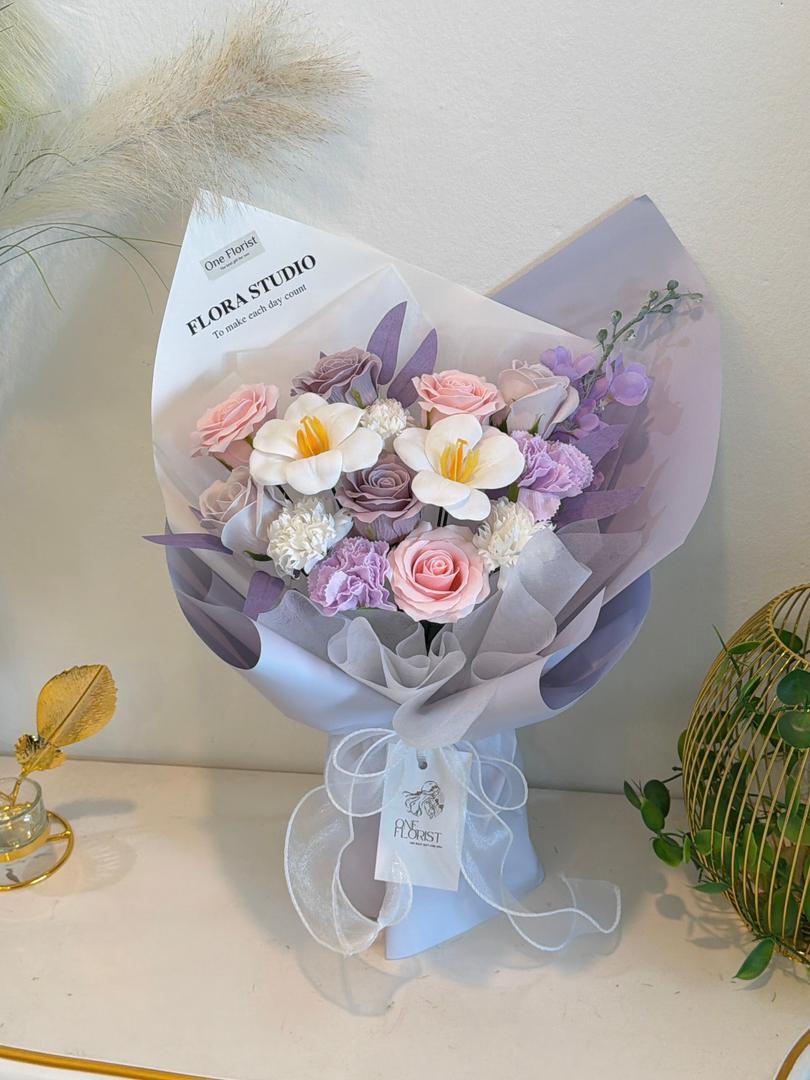 WhatsApp Image 2026-04-02 at 5.20.16 PM (1)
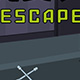 play Garage Escape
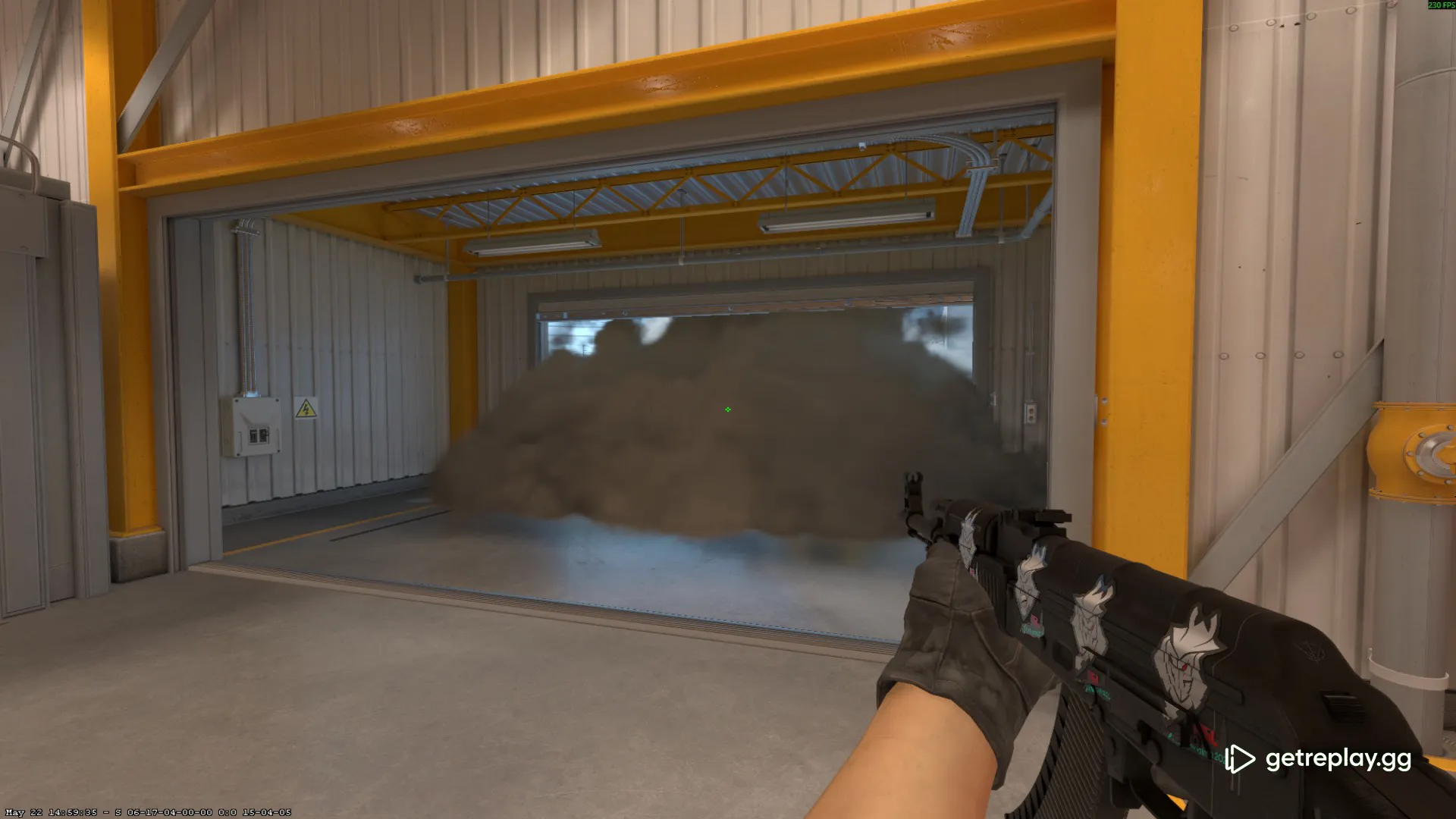 Discord_gLjAIxNMJ0.webp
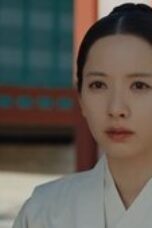 Nonton Movie The Haunted Palace Season 1 Episode 15 Subtitle Indonesia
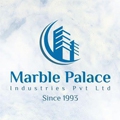 Marble Palace Ind.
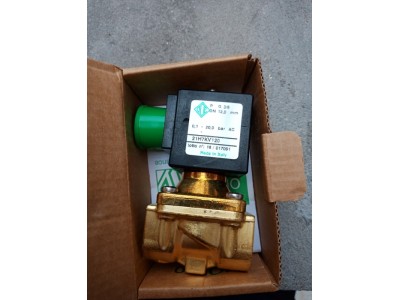  Van Điện Từ ODE - 21H7KV120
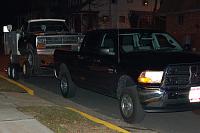 from jersey-emini-483-copy.jpg
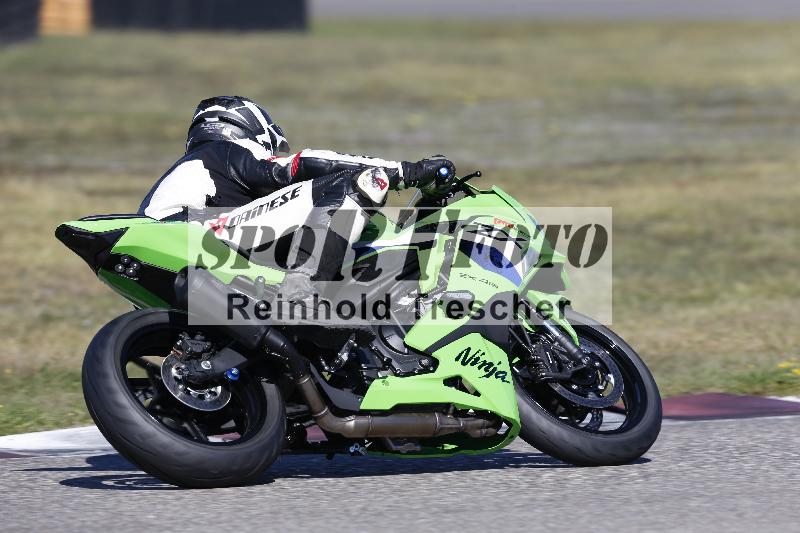/45 15.09.2026  Trackday Domi Aegerter Trackday ADR/Gruppe gruen/101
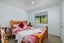 314 Onekura Road, Waipapa, Kerikeri - Carousel 20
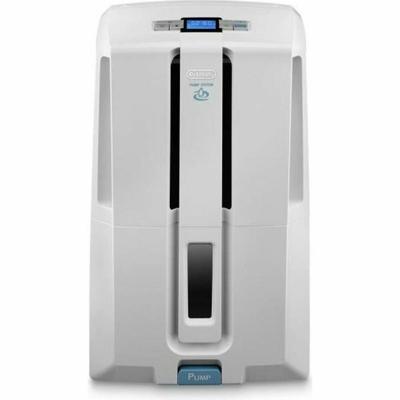 Luchtontvochtiger DeLonghi DD230P 30 L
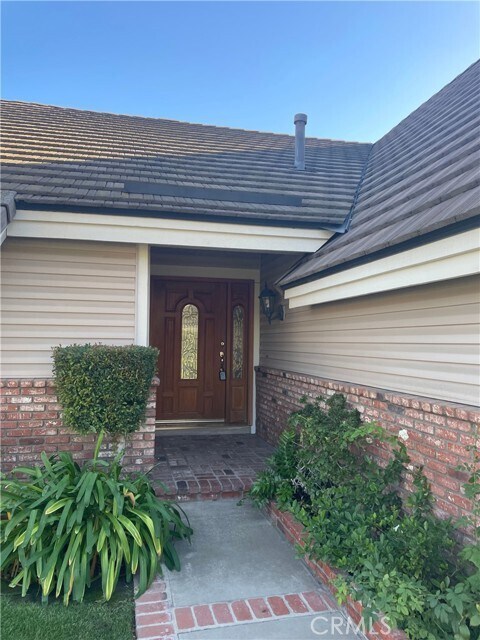 Building Photo - 20736 Cottonwood Rd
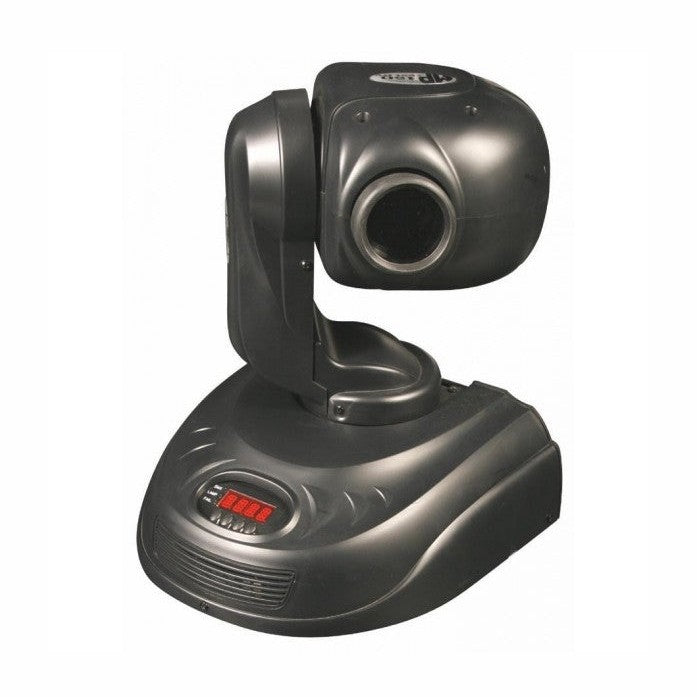 COEF MP150 Prožektorius b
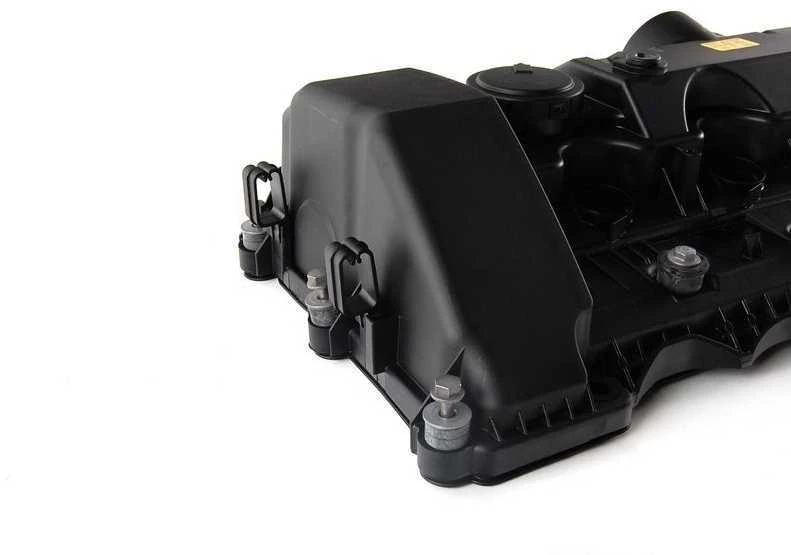 BMW Galvos Cilindro Dangtis E60 E61 E63 E64 E65 E66 E67 X5 E53 E70 Originalus 11127522159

== == ==

§ The problem: Please repeat every record exactly, leaving the pictures out.

§ Completed task:
 WhatsApp Image 2026-04-02 at 5.20.16 PM (1)
 play Garage Escape
 Discord_gLjAIxNMJ0.webp
 Nonton Movie The Haunted Palace Season 1 Episode 15 Subtitle Indonesia
 Marble Palace Ind.
  Van Điện Từ ODE - 21H7KV120
 from jersey-emini-483-copy.jpg
/45 15.09.2026  Trackday Domi Aegerter Trackday ADR/Gruppe gruen/101
 314 Onekura Road, Waipapa, Kerikeri - Carousel 20
 Luchtontvochtiger DeLonghi DD230P 30 L
 Building Photo - 20736 Cottonwood Rd
 COEF MP150 Prožektorius b
 BMW Galvos Cilindro Dangtis E60 E61 E63 E64 E65 E66 E67 X5 E53 E70 Originalus 11127522159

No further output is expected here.